Each of the Proverbs that are part of the Old Testament reading for today speak of the relationship between the parts of society and how each part should treat each other.
A good name is to be chosen rather than great riches, and favor is better than silver or gold.
The rich and the poor have this in common: the Lord is the maker of them all.
Whoever sows injustice will reap calamity, and the rod of anger will fail.
Those who are generous are blessed, for they share their bread with the poor.
Do not rob the poor because they are poor, or crush the afflicted at the gate;
For the Lord pleads their cause and despoils of life those who despoil them.
Yet, today, it seems as if status is everything. Even in Wesley’s time, being poor was considered the result of a sinful life. In the Epistle reading for today, James warns the reader against showing partiality because of a person’s status. On more than one occasion, Wesley pointed out that being poor was not something to be pitied.
Doing good works should never be and cannot be considered an accounting technique. We cannot say that we did so many good works and expect those works to take our sins. Much will be said about the good works done by Lady Diana and Mother Theresa. Many will see the works of Mother Theresa in terms of her job as a nun but nothing will be said about the faith of Lady Diana. I do not presume and will not make any judgements about these individuals. They showed the world through their lives and actions what can be done and that is all we can say.

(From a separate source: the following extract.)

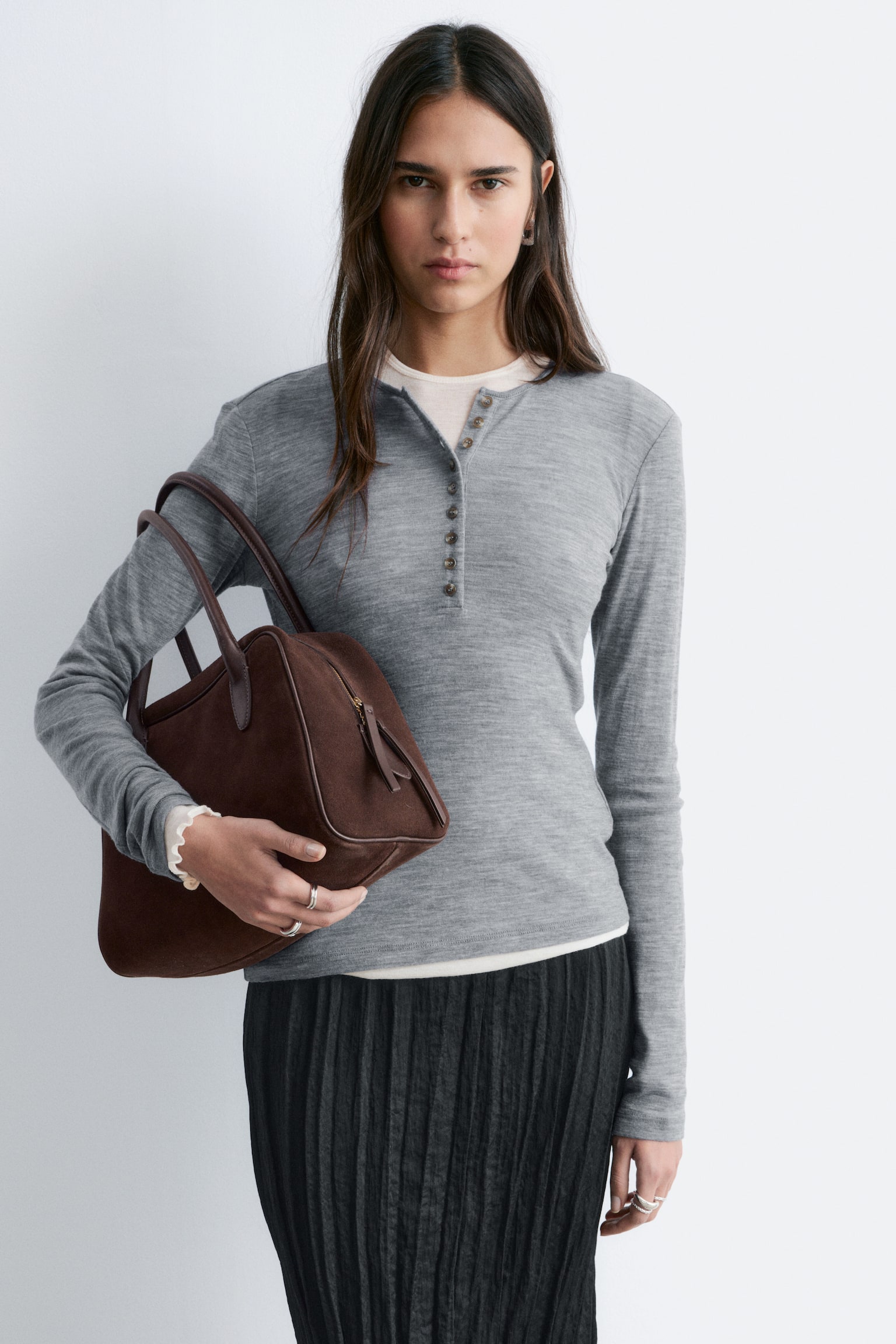 Oberteil aus Wolle mit halblanger Knopfleiste - Grau meliert/Braun meliert - 6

It is what we do because we have come to Christ that matters. Good works are one of the responsibilities that we accepted when we came to Christ was to help those less fortunate than us so that they could find Christ in their lives. To Wesley, this was very important because the living conditions in England at his time made it very difficult for the poor to survive, let alone succeed. And when the day-to-day conditions make it impossible to live, a simple greeting to have faith is going to do little to reduce that individual’s burden.
It was inconceivable to Wesley how anyone could ignore the poor and their struggles. He remembered the words of Jame, “if a brother or sister is naked and lacks daily food, and one of you says to them, “Go in peace; keep warm and eat your fill,” and yet you do not supply their bodily needs,” what is the good of that?

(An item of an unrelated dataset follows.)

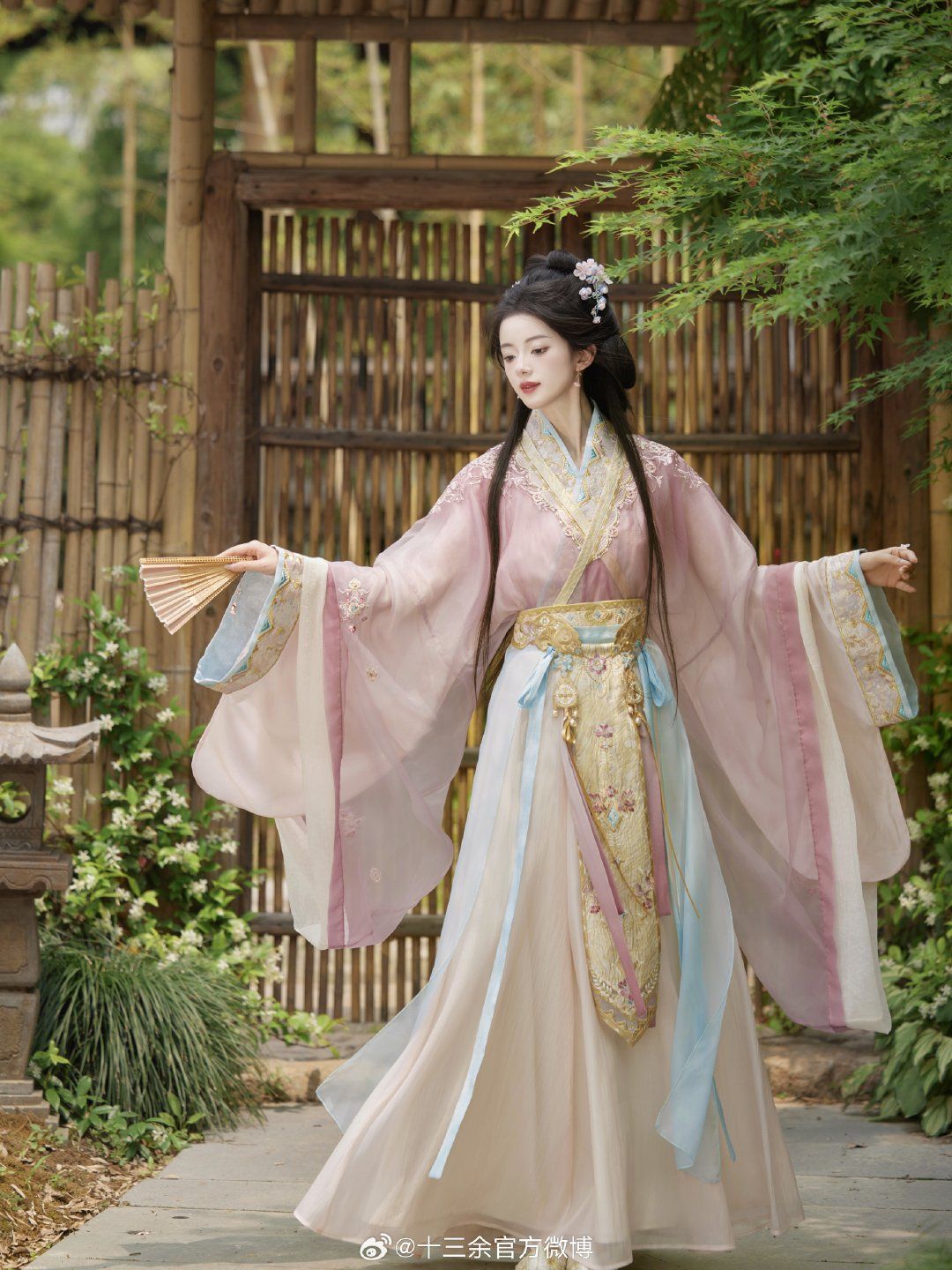 The Elegance of Lambswool Tang Suit:A Traditional Chinese Fashion Statement The Elegance of Lambswool Tang Suit:A Traditional Chinese Fashion Statement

Having been saved by our faith, having been lifted up by God’s grace, how can we not help others? James told his readers that if you break one law, then you break all the laws. If you sin, it doesn’t matter how great or small the sin because you will have fallen from God’s grace.
It is our duty as a Christian and as a Methodist to work towards the life of Christian perfection. It is not an easy life but then no one said that it would ever be. It is a much easier live to not worry about others and simply seek God’s forgiveness when we sin. But there may come a day when we fail to seek forgiveness. What will we do then?

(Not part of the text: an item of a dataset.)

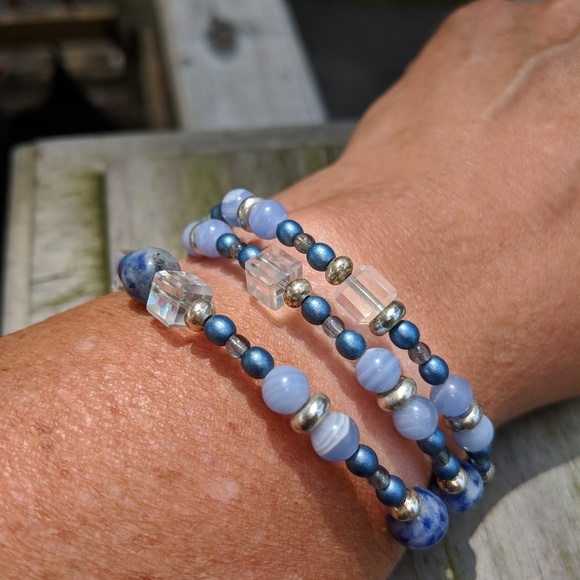 🌹🌼🌷Handcrafted Bracelet - Picture 2 of 3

Think of the woman in the Gospel reading today whose faith in Christ brought her to Him. Though in the eyes of society, she may not have been worthy, by her faith and her actions, she was saved.
The last portion of the prayer that caused me to think concludes “. . .that we walk in the newness of life, may grow into his likeness, and may evermore dwell in him, and he in us.” Each day we renew the bond we have with Jesus, each day we seek to fulfill the redemption of our worth by our faith and our actions so that other may know of a life in Christ.